__DATA PROVIDED__.
▼▼▼
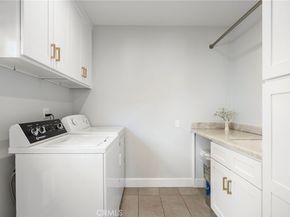 16600 Gilmore Street, Lake Balboa CA 91406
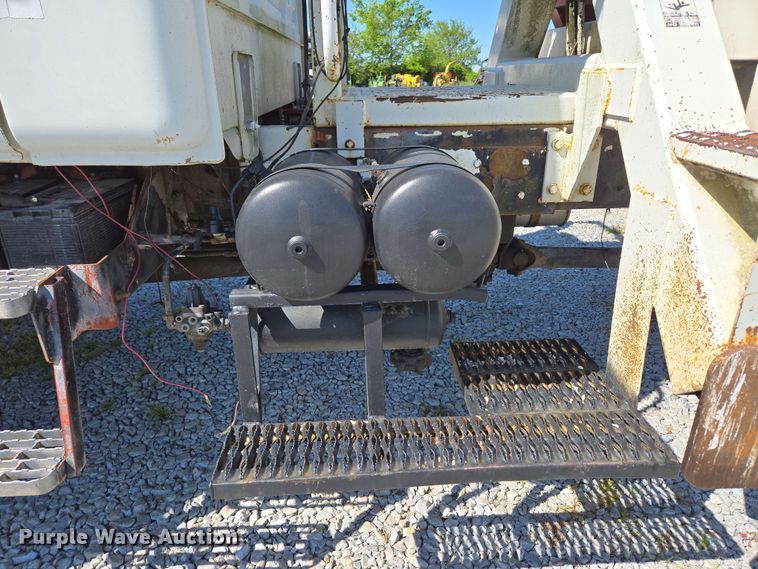 image for item DP6381 1987 Mack CS300P bucket truck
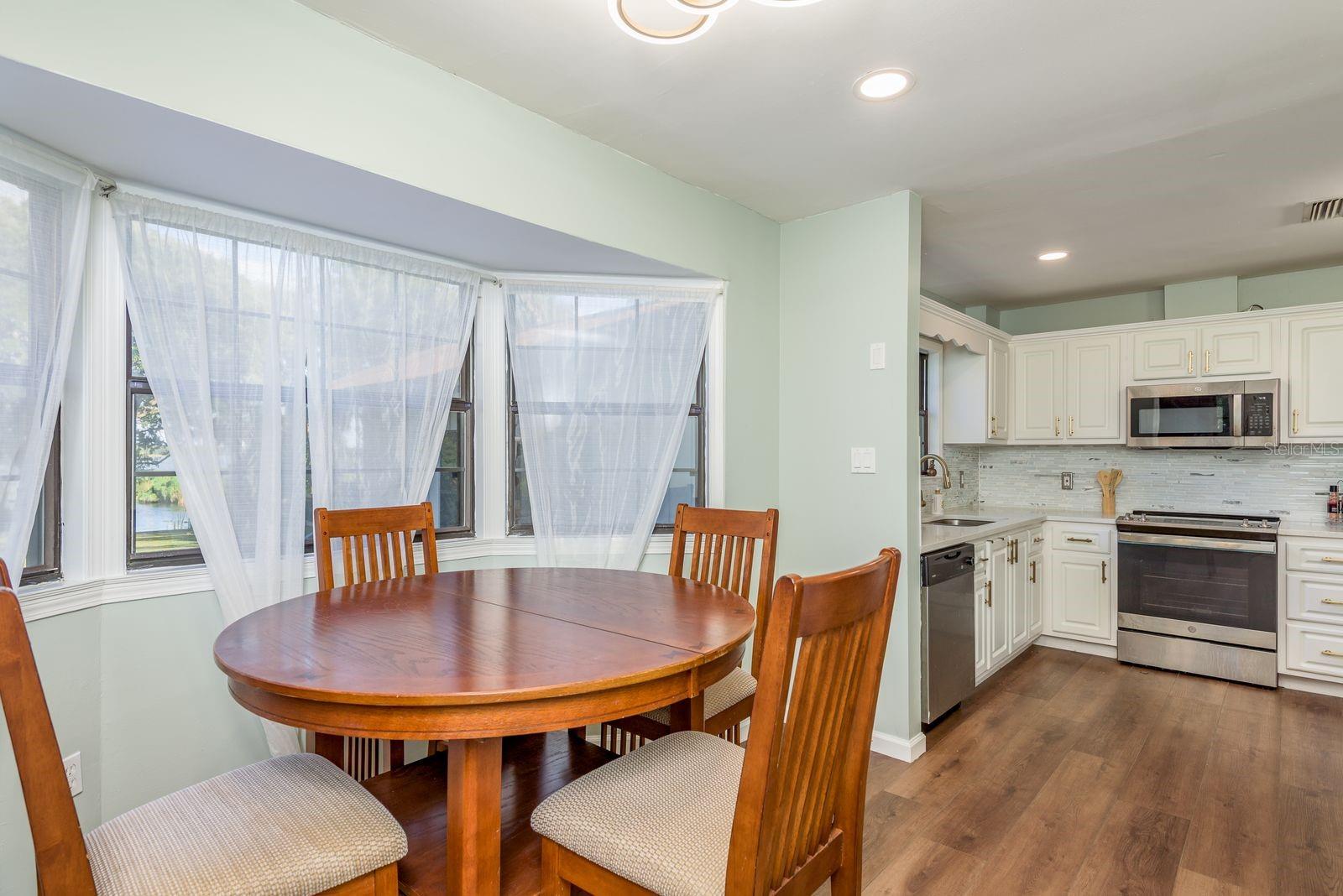 Image 21 of 67 For 1416 Grove Avenue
▲▲▲
__EXERCISE BRIEF__.
Output the listing unchanged, pictures excluded.

__THE COMPLETED TASK__.
 16600 Gilmore Street, Lake Balboa CA 91406
 image for item DP6381 1987 Mack CS300P bucket truck
 Image 21 of 67 For 1416 Grove Avenue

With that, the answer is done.